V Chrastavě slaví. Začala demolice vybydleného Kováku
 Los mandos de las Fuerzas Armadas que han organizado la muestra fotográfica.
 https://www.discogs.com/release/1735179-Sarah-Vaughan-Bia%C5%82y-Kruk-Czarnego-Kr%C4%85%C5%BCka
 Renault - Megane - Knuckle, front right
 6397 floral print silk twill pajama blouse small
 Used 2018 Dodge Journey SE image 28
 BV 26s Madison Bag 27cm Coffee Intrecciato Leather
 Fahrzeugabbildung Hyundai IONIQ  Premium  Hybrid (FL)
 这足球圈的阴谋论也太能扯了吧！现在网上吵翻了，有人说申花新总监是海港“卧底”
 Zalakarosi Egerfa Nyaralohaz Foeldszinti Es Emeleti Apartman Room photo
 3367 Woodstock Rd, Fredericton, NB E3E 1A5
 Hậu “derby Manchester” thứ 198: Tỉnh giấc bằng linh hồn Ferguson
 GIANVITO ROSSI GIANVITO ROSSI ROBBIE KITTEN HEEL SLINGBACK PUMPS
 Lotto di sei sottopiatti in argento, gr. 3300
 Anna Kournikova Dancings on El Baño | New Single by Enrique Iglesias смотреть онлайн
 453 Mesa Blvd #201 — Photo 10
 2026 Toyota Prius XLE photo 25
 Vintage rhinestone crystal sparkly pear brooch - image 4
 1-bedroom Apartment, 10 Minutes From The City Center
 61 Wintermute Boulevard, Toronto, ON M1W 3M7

[Task prompt]
Send back exactly, with nothing added, the lines from the first line of the material above through the line holding "GIANVITO ROSSI GIANVITO"; both ends are included.

[Reply]
V Chrastavě slaví. Začala demolice vybydleného Kováku
 Los mandos de las Fuerzas Armadas que han organizado la muestra fotográfica.
 https://www.discogs.com/release/1735179-Sarah-Vaughan-Bia%C5%82y-Kruk-Czarnego-Kr%C4%85%C5%BCka
 Renault - Megane - Knuckle, front right
 6397 floral print silk twill pajama blouse small
 Used 2018 Dodge Journey SE image 28
 BV 26s Madison Bag 27cm Coffee Intrecciato Leather
 Fahrzeugabbildung Hyundai IONIQ  Premium  Hybrid (FL)
 这足球圈的阴谋论也太能扯了吧！现在网上吵翻了，有人说申花新总监是海港“卧底”
 Zalakarosi Egerfa Nyaralohaz Foeldszinti Es Emeleti Apartman Room photo
 3367 Woodstock Rd, Fredericton, NB E3E 1A5
 Hậu “derby Manchester” thứ 198: Tỉnh giấc bằng linh hồn Ferguson
 GIANVITO ROSSI GIANVITO ROSSI ROBBIE KITTEN HEEL SLINGBACK PUMPS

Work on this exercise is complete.